[[ Records open ]]

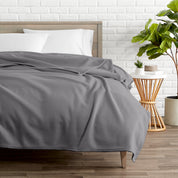 A polar fleece blanket on a bed next to a table and a large plant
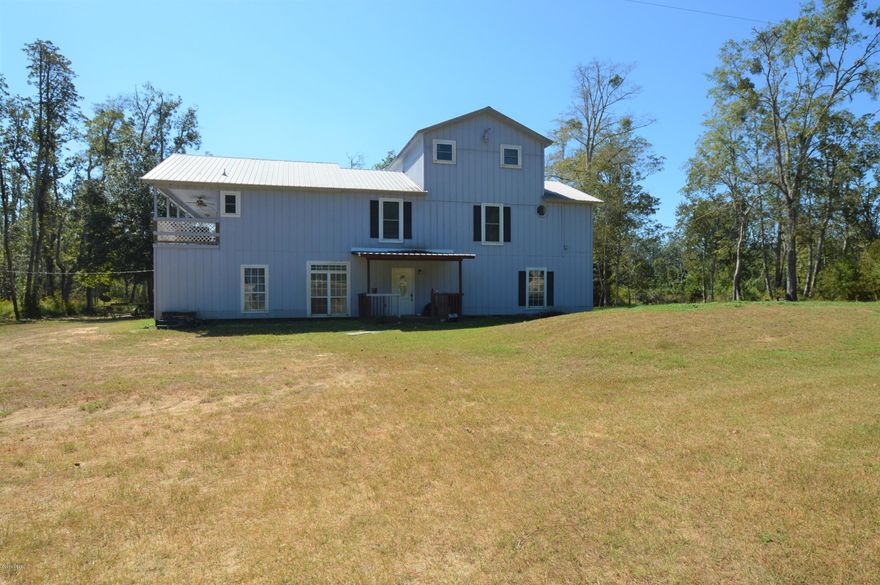 CURRENTLY UNDER CONTRACT, SELLER ACCEPTING BACKUP OFFERS. This large 3 story home offers a large living room with a wood burning fireplace located  on the second floor.  The kitchen has new wood vinyl plank and all new stainless steel appliances.  The dining room has double doors that open into a large Florida room.  The large master bedroom  is located on the third floor and has a sitting area.  The first floor is  framed up for 3 bedrooms, 2 baths, living room and kitchen area.  The first floor has its own entrance and could be used possibly as a rental unit.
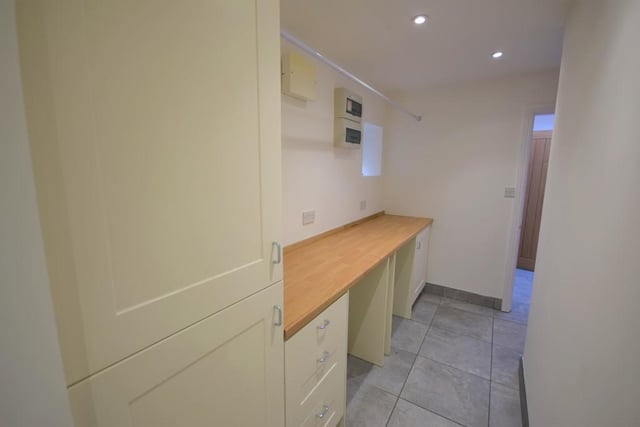 A spacious utility room with a range of matching cream units and contrasting work surfaces. The combination boiler is concealed within one of the cupboards. There is plumbing for a washing machine and space for a dryer. A small feature window allows natural light, access into a versatile area approximately 7x 8"3 having radiator, socket point and downlights.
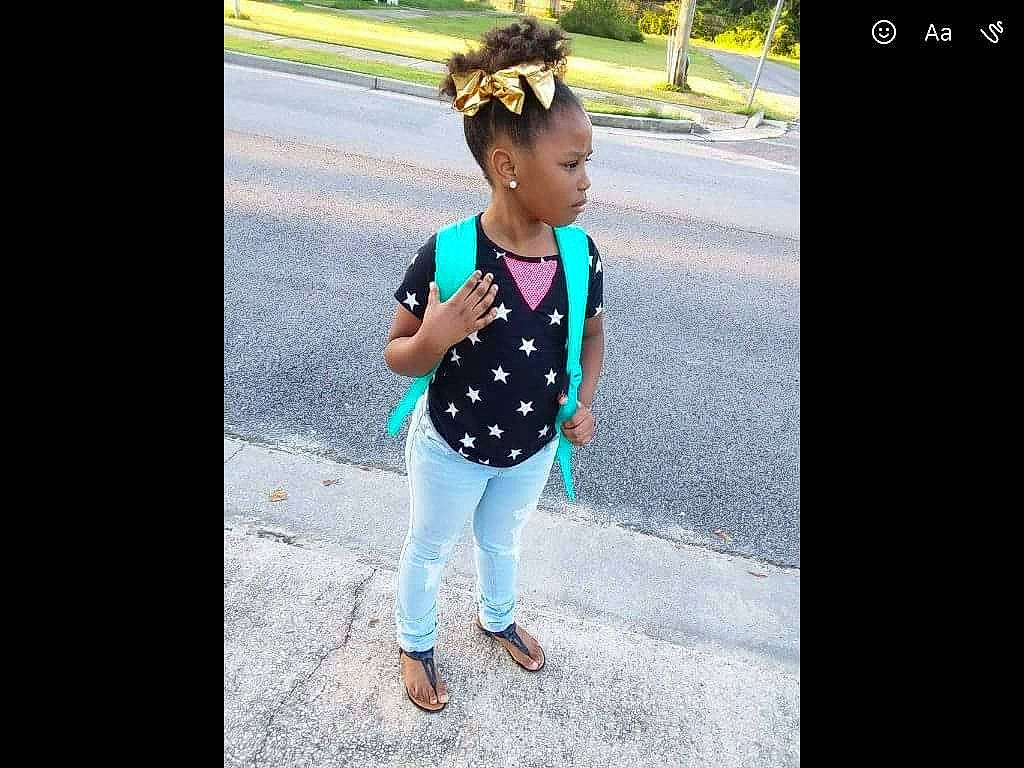 Janiyah Holton joined the competition — help win amazing prizes! asphalt, denim, electric_blue, eyewear, fashion_accessory, flash_photography, happy, headgear, jewellery, magenta, neck, pattern, person, polka_dot, recreation, road, sleeve, sportswear, t_shirt, toddler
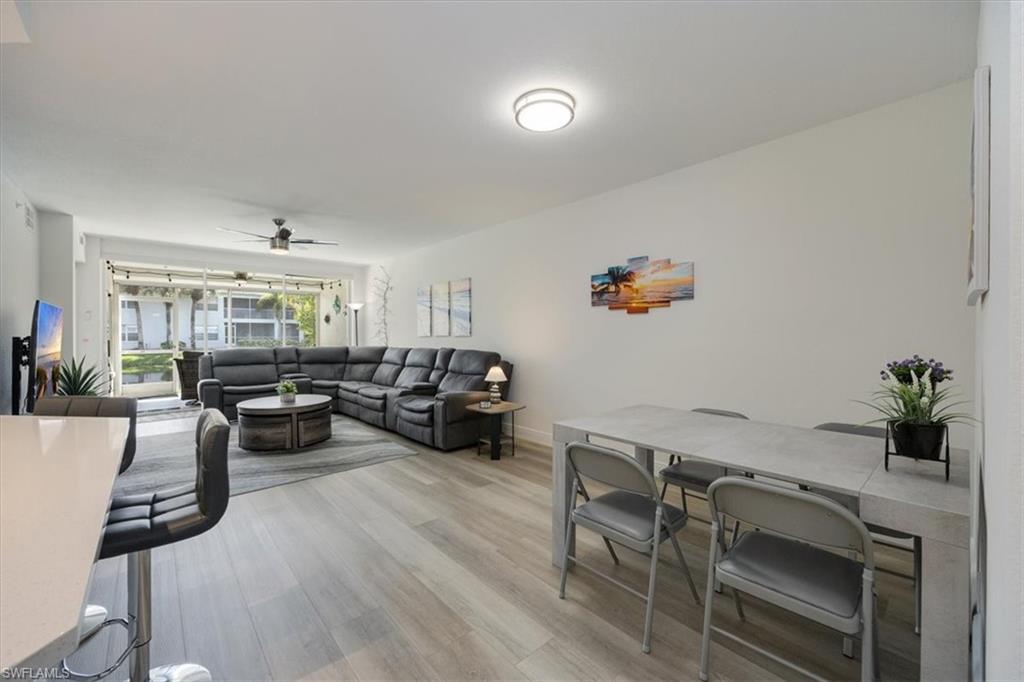 Living room featuring ceiling fan and light hardwood / wood-style flooring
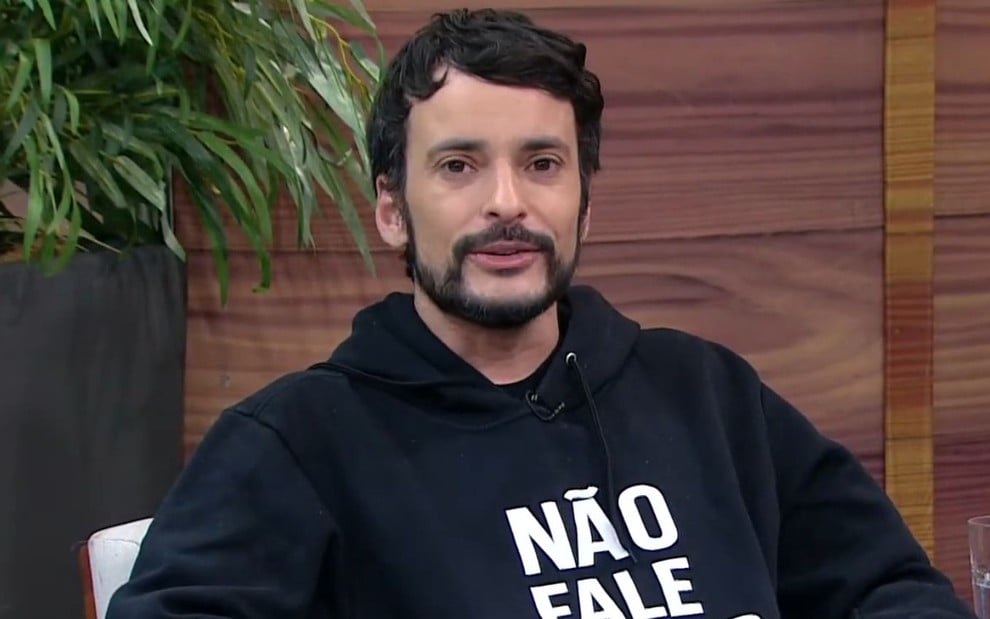 Fefito está com expressão séria e usa um moletom preto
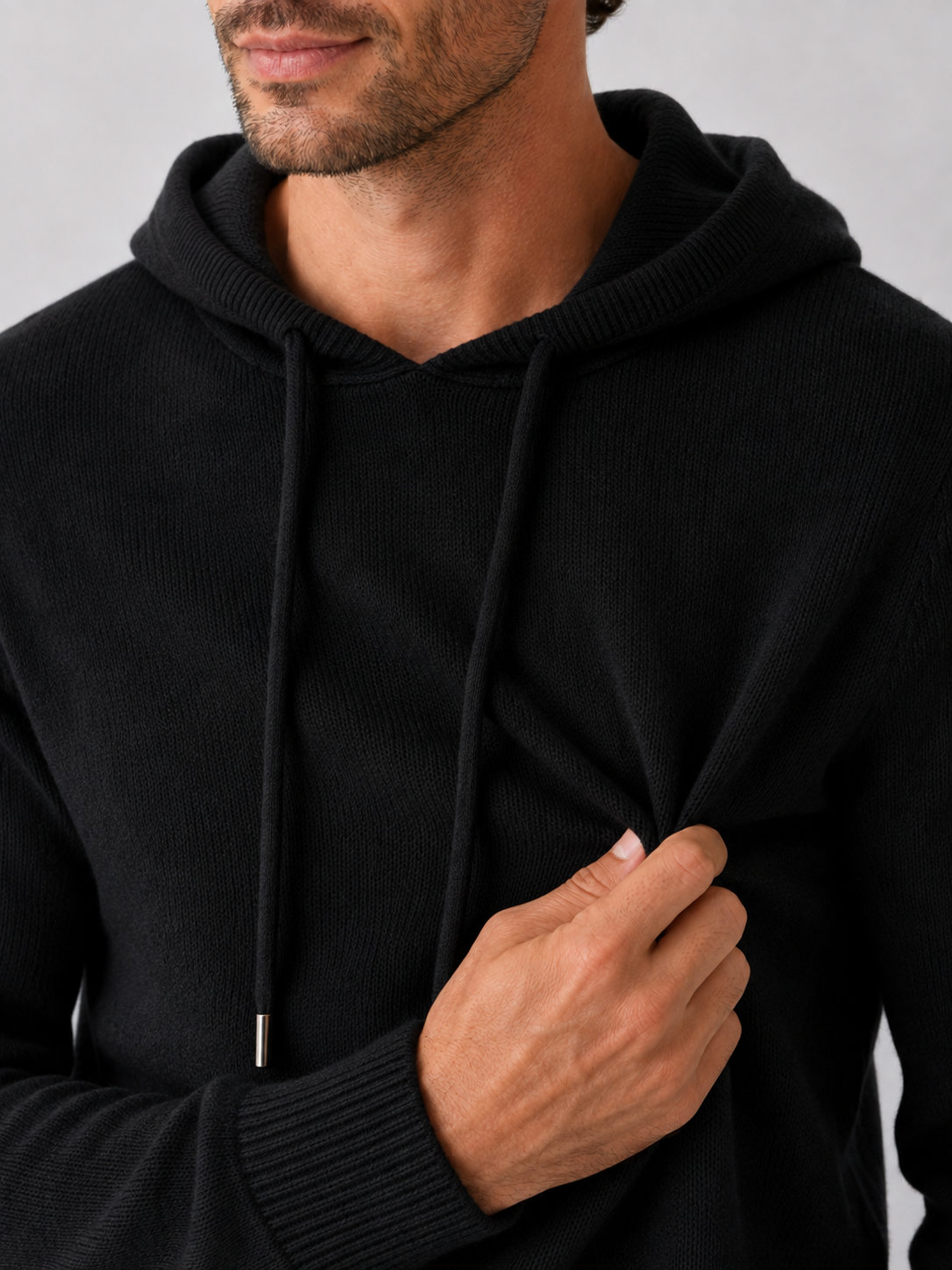 Close-up of a black wool hoodie sweater showing the soft knit texture, hood, ribbed cuffs, hem, and stitching details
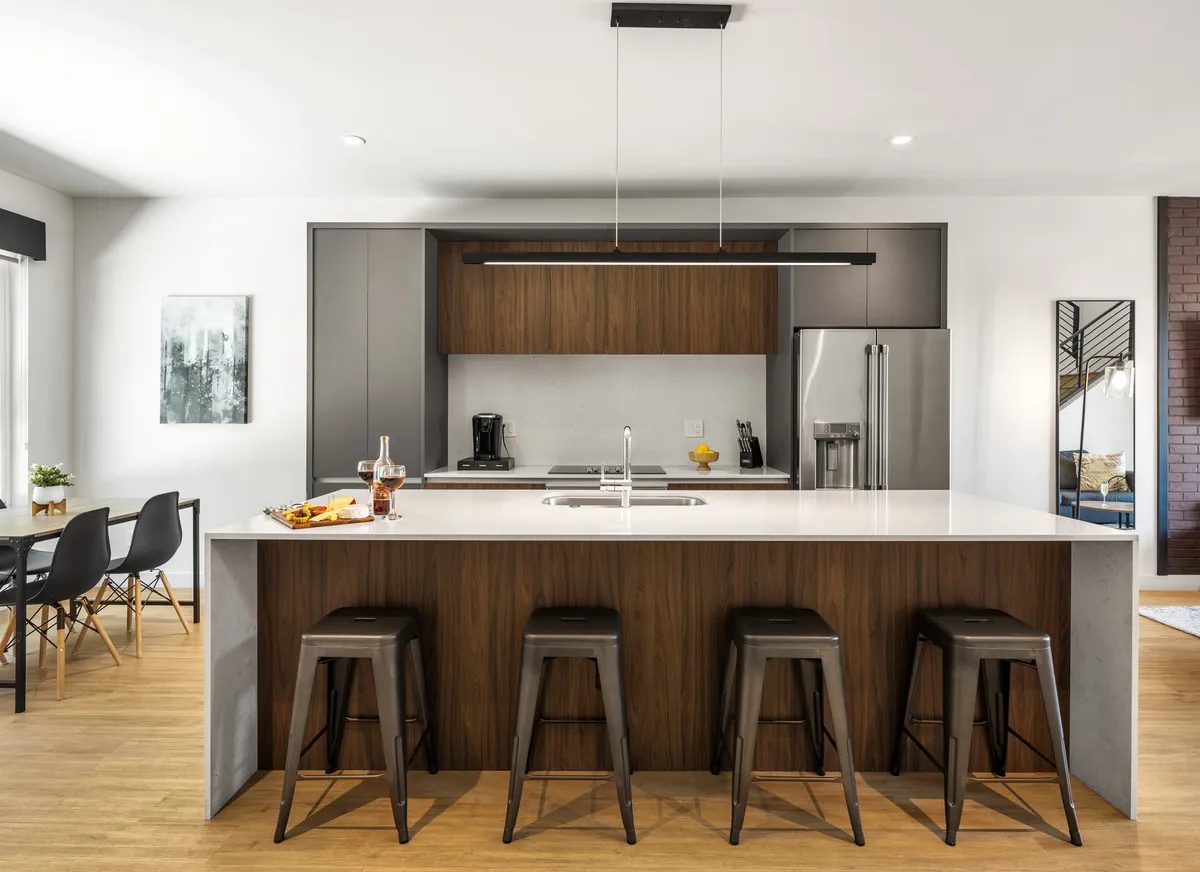 A bright, open kitchen featuring a spacious island with stylish stools, modern appliances, including a prominent range, and tasteful wall art. The setting is designed for both cooking and socializing, with the island serving as a central gathering spot.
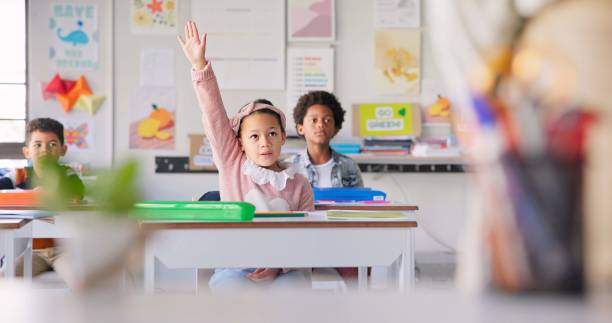 istock Education, question and students with girl in classroom for learning, discussion and knowledge. Help, studying and future with children and hands raised at school for why, scholarship and answer 1937157978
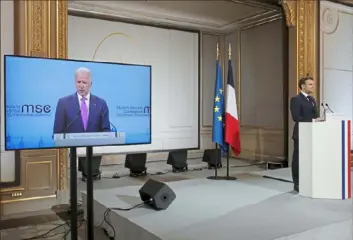  ?? Benoit Tessier/Pool via AP ?? French President Emmanuel Macron, right, in Paris, attends a videoconfe­rence as President Joe Biden appears on a screen ahead of the Munich Security Conference on Friday.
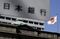 A Japanese national flag flies while signage for the Bank of Japan (BOJ) is displayed outside the central bank's headquarters in Tokyo, Japan, on Tuesday, March 15, 2016. The BOJ refrained from bolstering its record monetary stimulus as policy makers gauge the impact of the negative interest-rate strategy they adopted in January. Photographer: Kiyoshi Ota/Bloomberg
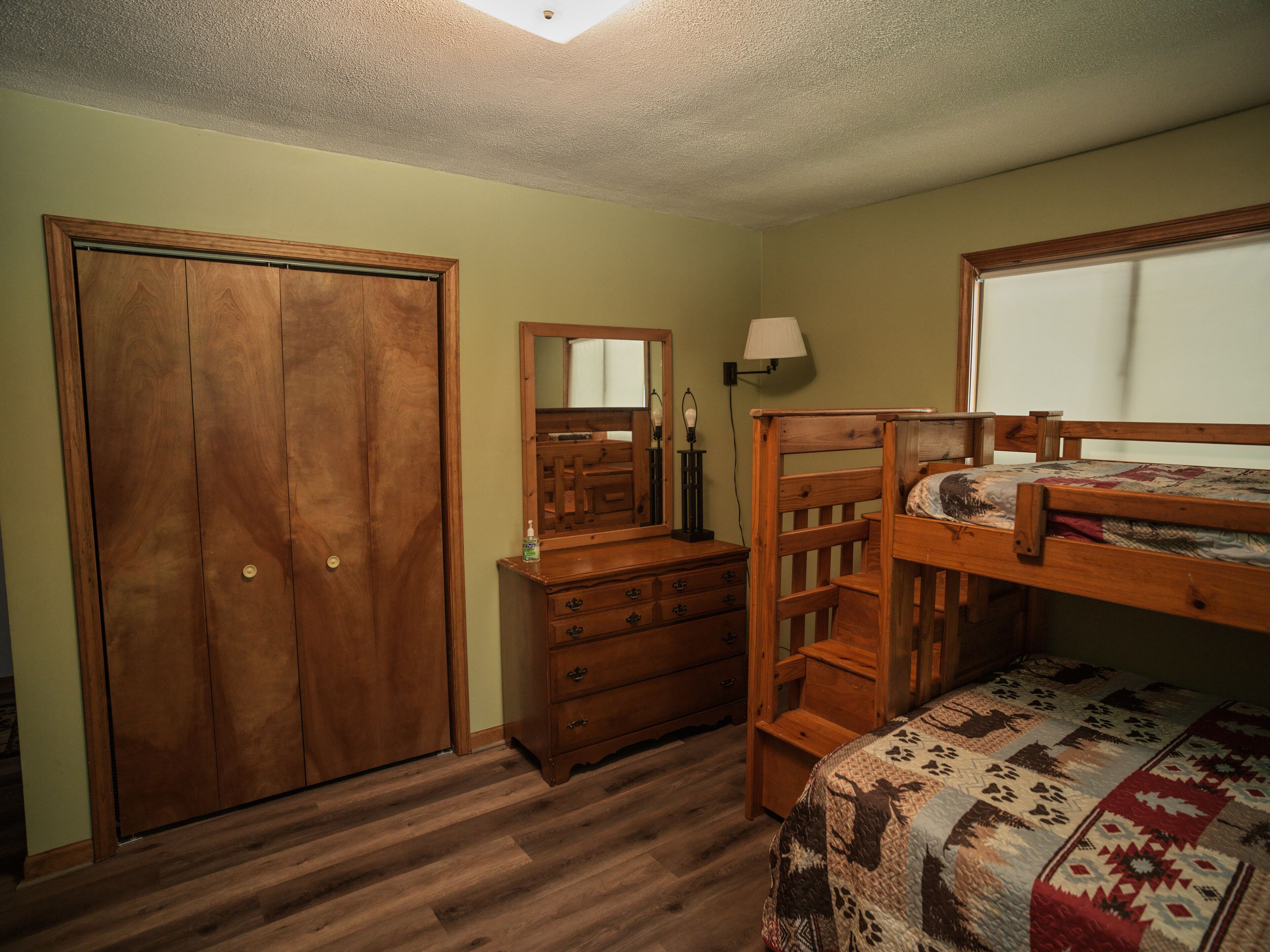 A bedroom with a wooden wardrobe, a dresser, a bed with a quilt, and a window.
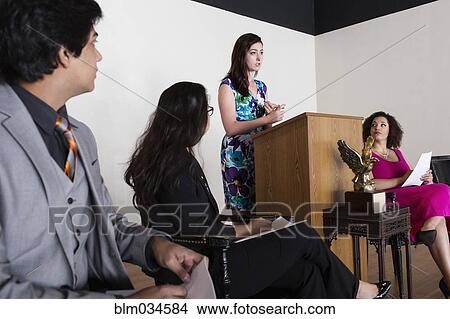 Picture - Debate team speaking on stage. Fotosearch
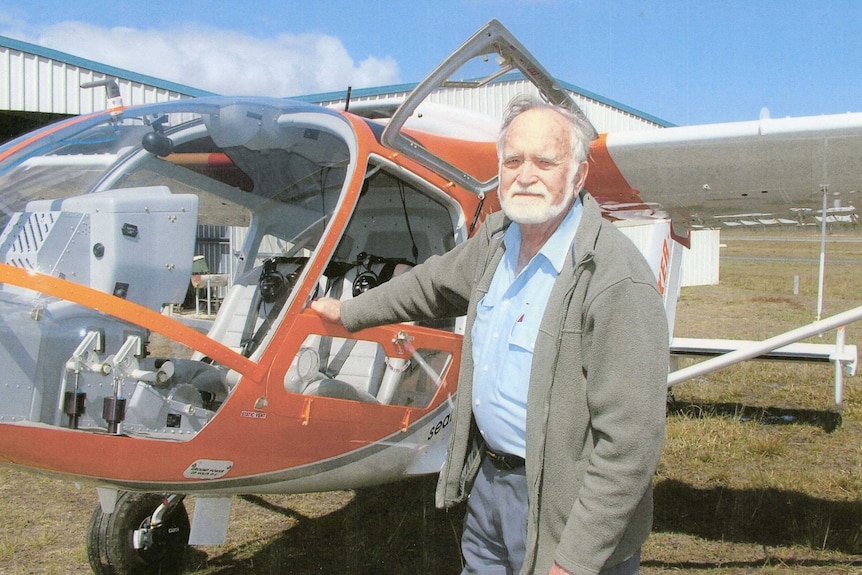 Don Adams standing in front of light aircraft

[[ Records closed ]]

Exercise requirements.
Reproduce only the lines of the records from the start up to and including the line that holds "A bright, open"; do not carry over any picture.

Completed task.
 A polar fleece blanket on a bed next to a table and a large plant
 CURRENTLY UNDER CONTRACT, SELLER ACCEPTING BACKUP OFFERS. This large 3 story home offers a large living room with a wood burning fireplace located  on the second floor.  The kitchen has new wood vinyl plank and all new stainless steel appliances.  The dining room has double doors that open into a large Florida room.  The large master bedroom  is located on the third floor and has a sitting area.  The first floor is  framed up for 3 bedrooms, 2 baths, living room and kitchen area.  The first floor has its own entrance and could be used possibly as a rental unit.
 A spacious utility room with a range of matching cream units and contrasting work surfaces. The combination boiler is concealed within one of the cupboards. There is plumbing for a washing machine and space for a dryer. A small feature window allows natural light, access into a versatile area approximately 7x 8"3 having radiator, socket point and downlights.
 Janiyah Holton joined the competition — help win amazing prizes! asphalt, denim, electric_blue, eyewear, fashion_accessory, flash_photography, happy, headgear, jewellery, magenta, neck, pattern, person, polka_dot, recreation, road, sleeve, sportswear, t_shirt, toddler
 Living room featuring ceiling fan and light hardwood / wood-style flooring
 Fefito está com expressão séria e usa um moletom preto
 Close-up of a black wool hoodie sweater showing the soft knit texture, hood, ribbed cuffs, hem, and stitching details
 A bright, open kitchen featuring a spacious island with stylish stools, modern appliances, including a prominent range, and tasteful wall art. The setting is designed for both cooking and socializing, with the island serving as a central gathering spot.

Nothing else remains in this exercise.